Thursday, August 20, 2015

Mind Your Mind

Today at work, it was my turn to do the devotion.

It is not my habit to sign up, but someone was covering a college fair for me, so I took his devotion day for him.

It is also my intent to choose a day for devotions in which I am feeling particularly holy.
This is not that week.

It has been nearly 7 days of stress and frustration.
Overlapping travel planning with the final details of student move-in is a lot more work than you might think. There are also people everywhere, and my introverted self is just not used to it.

I could give a series of excuses, but the end of the story is that I'm just being short with people because I feel a little overwhelmed.

Yesterday was really bad.

Work was bad, tried to go to yoga and came across an unexpected face so I left before it started, went to a girls' night with some people I didn't know, then ended up just going out with friends.
There didn't seem to be any sources of relief for anxiety.

So I wake up, right, and I have to come up with something inspiring and holy to say.

First, I checked Oswald Chambers, but that just wasn't really apt, so I glanced through my bookshelf and found Jill Briscoe and a section in one of her devotions entitled "Doing Yesterday".

It fit.

My devotion of the morning, using her words, was about the tendency of ours to replay yesterday over and over and over again, how we could have done different and said different and all the bad things.
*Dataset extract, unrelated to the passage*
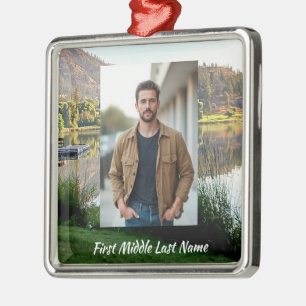 Memorial Photo Prayer Golf Course Pond Lake Nature Metal Tree Decoration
We avoid God and just try to talk with ourselves, knowing full well we do so just to avoid the words we know are coming to us from God.

It's over.
Move on.

As a writer, I recognize the capacity of one chapter to be six different things depending on perspective. I can change the entire story just by giving it a revision of outlook.
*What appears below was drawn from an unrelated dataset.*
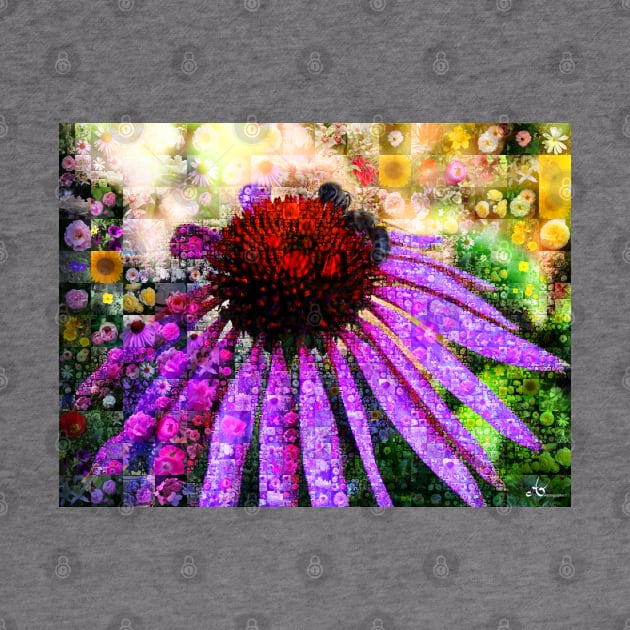 Echinacea Flower Mosaic Style by Symbolsandsigns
In the same way, each day we are given the opportunity to look back on our words and actions and the words and actions imparted to us. We are given the opportunity to filter them, judge them, color them however we do so choose.

I can look back on yesterday and see the aggravations and set-backs or I can look back on the hidden pieces--like the gem of a student who appeared last-minute and, despite his financial setbacks, is going to make college happen. Or like my sweet housemates who have become to me inseparable friends and confidantes. Or like church friends who seek me out. Or my sweet boyfriend who is willing to be gracious and give me the benefit of the doubt when my hurt communicates messages I don't intend them to mean.
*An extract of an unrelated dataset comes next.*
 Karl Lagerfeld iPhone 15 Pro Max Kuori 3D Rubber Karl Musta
In any situation, there is so much good underlying.

Jill's prayer is for the Lord to help her mind her mind and for the Lord to mind her heart.
It is up to us not to forget and move on or push out of our minds but actively choose to see the world just a little differently and revise our yesterdays just a bit more constructively.

Change what you can change, apologize for any misplaced words or actions, learn what you can, then look forward.

Tuesday, August 11, 2015

David and the Golden Finch

The British don't say "You're welcome".

Unless of course they're greeting you as you enter their dinner party or church or unless they've just done you some unfathomably good deed.

In fact, to say "You're welcome" is nearly offensive, as it connotes to a Brit that you are nearly pompous, that what you've done for them is, actually, an unfathomably good deed.

I had a British friend explain to me that even if her mother had cooked an enormous, extravagant feast, she would still not say, "You're welcome".

So when they do say it (and it's not an arrogant fool of a person), you understand something deeper about the character of the person speaking. It shows, through pomp and circumstance of a small phrase, what they value, what's of pristine importance to them.

I have often spoken before of my man David in Belfast.

David the quiet.
David the humble.
David the steadfast and hardworking.
David the kind.

When David spoke to me or showed me something, he had my entire attention, such was the unobtrusiveness of the man. If he requested my focus, it was important.

One day, David was in the kitchen, which had big sweeping windows all along the side wall looking into the front garden, and called me in when he heard me close by.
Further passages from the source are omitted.